▸ **EXERCISE REQUIREMENTS**
An exact transcription is needed of the lines below from the one with "Living room of" through the one with "Caro carburanti Assoesercenti", with no other lines and no pictures.

▸ **MATERIAL SHOWN**
----------------
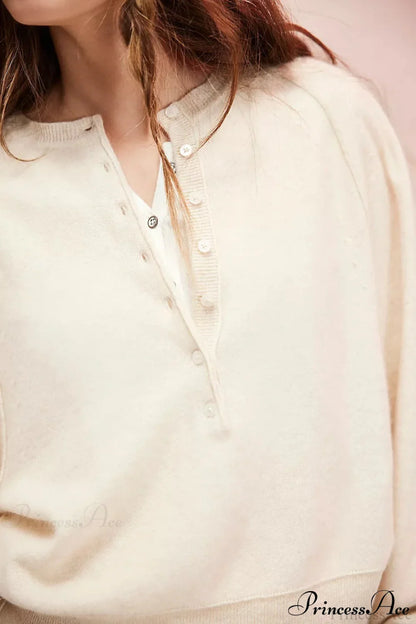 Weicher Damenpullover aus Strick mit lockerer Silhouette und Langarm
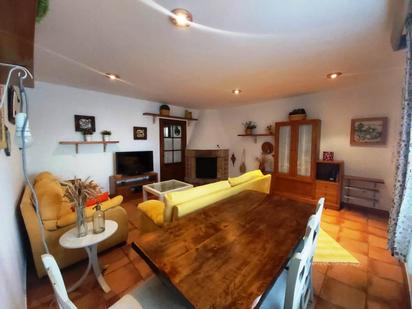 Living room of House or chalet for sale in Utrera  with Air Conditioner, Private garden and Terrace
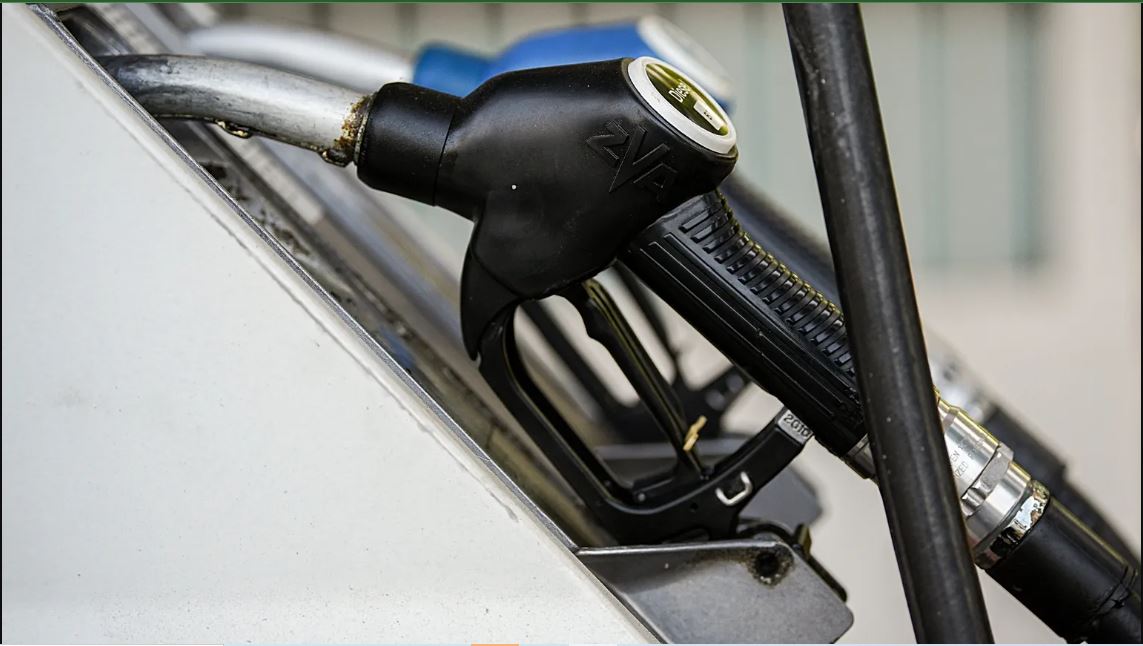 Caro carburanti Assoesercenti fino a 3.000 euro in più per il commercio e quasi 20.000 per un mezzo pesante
----------------
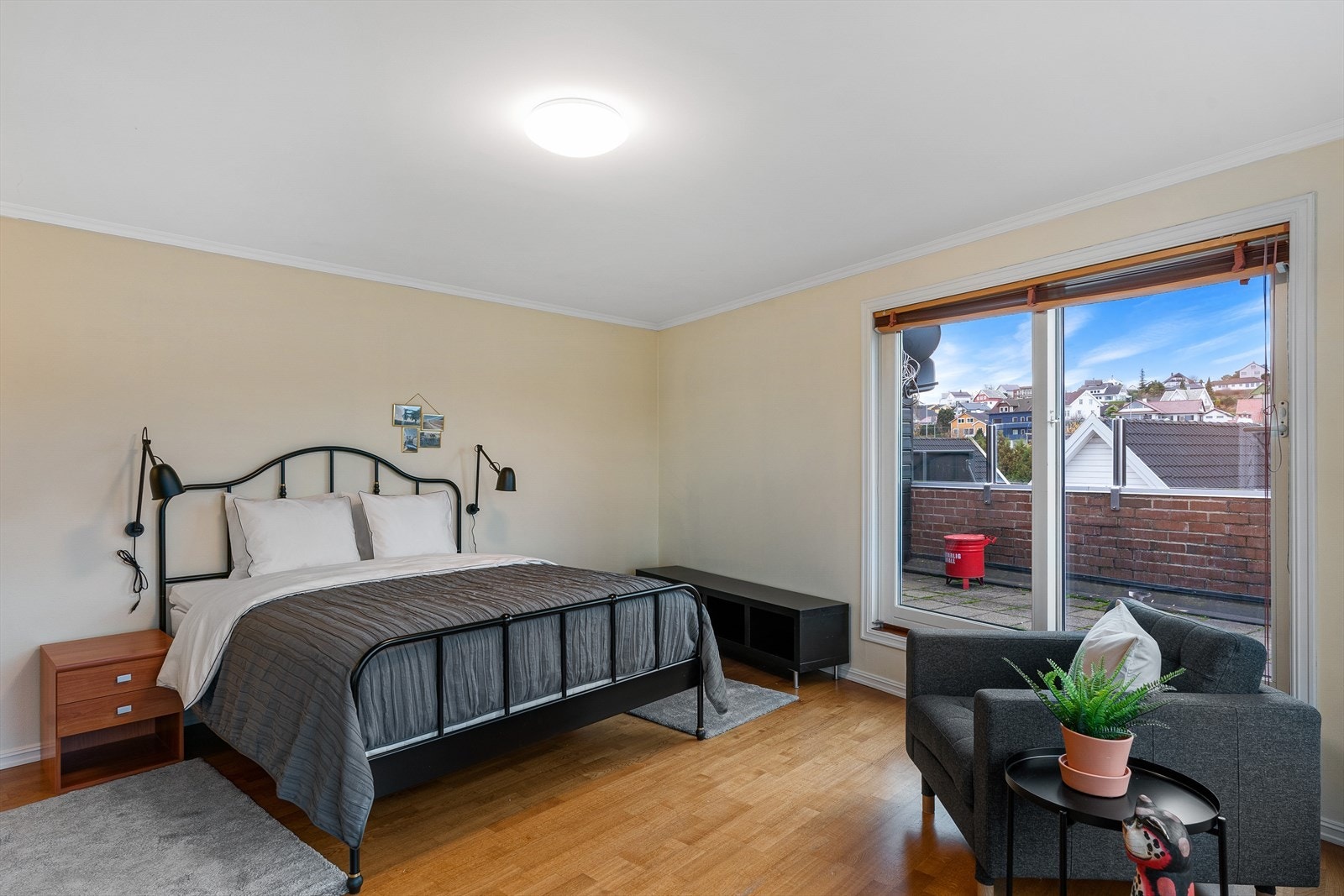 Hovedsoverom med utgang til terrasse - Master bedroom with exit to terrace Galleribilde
----------------
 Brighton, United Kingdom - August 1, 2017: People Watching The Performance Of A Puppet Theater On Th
----------------
▸ **YOUR SOLUTION**
 Living room of House or chalet for sale in Utrera  with Air Conditioner, Private garden and Terrace
 Caro carburanti Assoesercenti fino a 3.000 euro in più per il commercio e quasi 20.000 per un mezzo pesante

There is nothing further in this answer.